Acredito piamente que, para além da celebração, é preciso compreender as lutas das pessoas para que esse momento acontecesse. A Independência, assim como a abolição da escravatura, não foram atos de um nobre que “libertou” o país. A efeméride de 1822, o grito da Independência, a mudança nos rumos do país não foram obras de um homem só. Por conseguinte, é difícil compreender as celebrações quando essas se referem apenas aos “grandes homens”. Em visita ao site oficial das festividades, tudo é voltado, apenas, para os denominados vencedores.
O que é o Brasil de 2022? Vivemos sob o julgo de uma administração federal que não se refuta a ventilar inverdades nas mídias, sejam elas redes de televisão, jornais, ou até as sociais. Aliás, essas últimas são as preferidas para a disseminação da desinformação. Esclarecer nossa História e mostrar que somos fruto de muitas lutas, de silenciamentos, de escravização de populações, de dizimação dos povos autóctones, de anos de exploração, e que nossa Independência foi um fato que não aconteceu isoladamente, que estamos na América e que precisamos falar de independências (no plural mesmo), parece-me mais urgente do que nunca.
Estamos, mais uma vez, voltando-nos para os poderosos, para aqueles que querem contar a História sem se importar com todos os sujeitos sociais que compõem a vida no país. As universidades e entidades de pesquisa estão a cada dia buscando formas de elucidar fatos históricos que ficaram encobertos por quem se sente dono do poder e tenta silenciar. Ao mostrar que nos silenciam com armas, insurgimo-nos com livros. As pesquisas têm mostrado a importância da sociedade civil na construção da nossa História. Os “grandes feitos” são, na verdade, feitos por cada brasileiro que resiste às adversidades e segue na cotidianidade construindo o país, ainda que solitariamente.
De acordo com notícias veiculadas nas mídias, quem aconselhou o presidente do Brasil a trazer o coração de Dom Pedro I foi a mesma médica que o aconselhou ao uso de uma medicação sem nenhuma comprovação científica para a cura da Covid – 19, ou seja, alguém de fora da diplomacia, mas com influência sobre o mandatário.
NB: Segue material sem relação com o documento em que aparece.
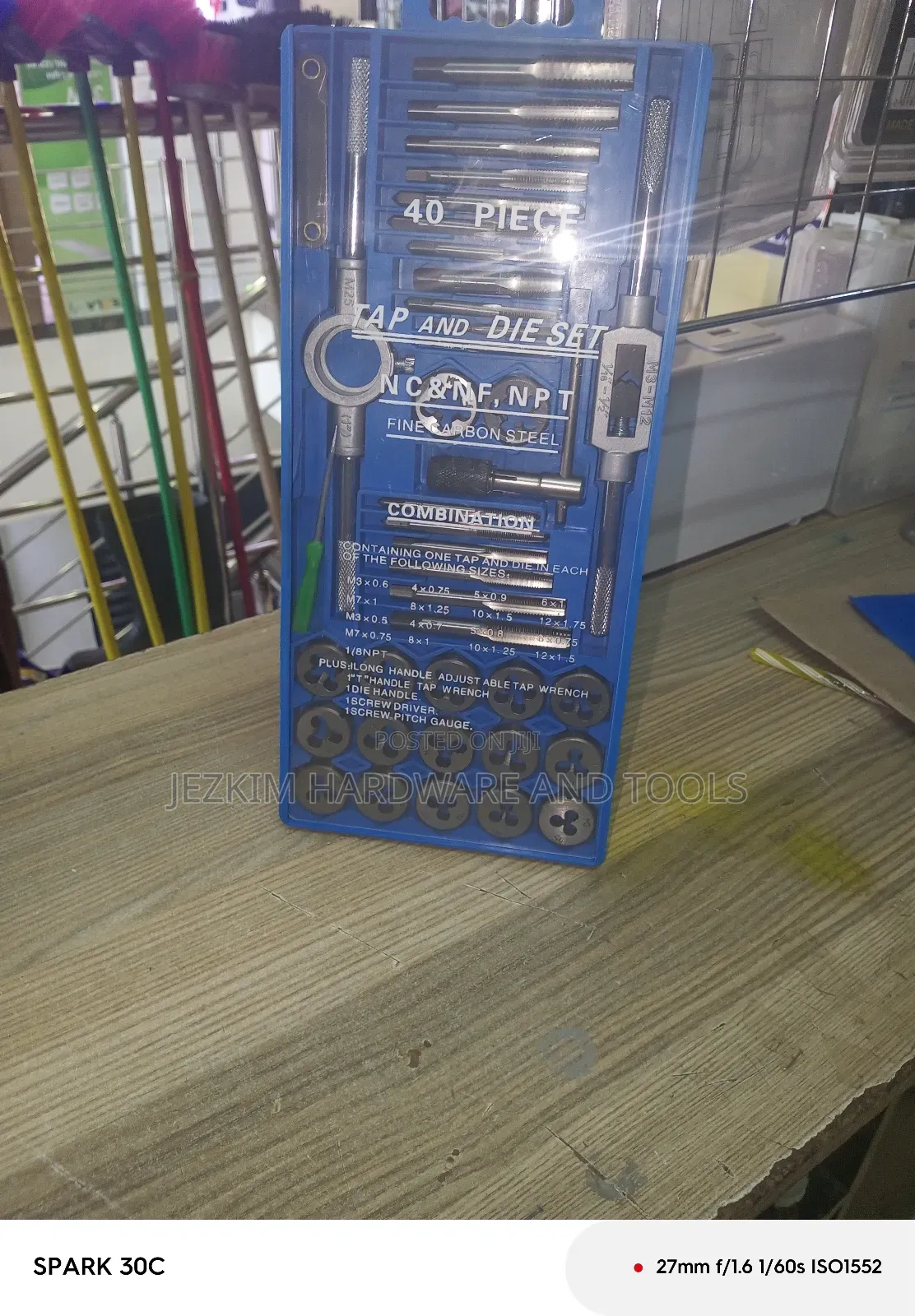 Tap and Die Stock 40pcs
Teve a burlesca ideia, e nós estamos pagando para um órgão ser recebido com honrarias de chefe de estado, para além da bizarrice de expor um coração conservado em formol para comemorar um dia histórico para o país.
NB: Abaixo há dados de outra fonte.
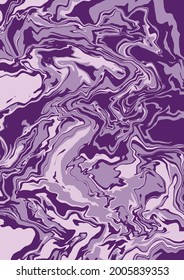 Liquid art texture. Abstract background with swirling paint effect. Painting with liquid acrylic that pours and splashes. Mixed paints for an interior poster. purple and gray iridescent colors. A4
Ainda que eu tente ser compreensiva, sempre me restam muitos questionamentos: independência para quem? Minha adolescência foi vivida sob o jugo de ditadores. Hoje, vejo cada dia mais as liberdades cerceadas. Conquistamos vários espaços na primeira década desse século, na verdade nos primeiros 15 anos, mas nos últimos 07, temos perdido dia após dia tantas liberdades e tantos direitos, que o coração de Dom Pedro I mostra a bizarrice de um poder voltado para a manutenção de privilégios de poucos em detrimento das necessidades de muitos.
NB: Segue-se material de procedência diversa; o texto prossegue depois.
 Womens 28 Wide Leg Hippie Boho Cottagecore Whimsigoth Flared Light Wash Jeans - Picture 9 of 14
Os corações daqueles que lutam por liberdade e por direitos não se sentem independentes. Somos oprimidos por uma política voltada para poderosos, em que defender golpe de estado é feito sem o menor constrangimento, e, pior, sem a menor preocupação! Nossas instituições são atacadas e usadas em benefício, apenas, dos que apoiam essa necropolítica.
Referências: https://www.gov.br/pt-br/campanhas/bicentenario.
Luzimar Soares é historiadora (PUC-SP/USP).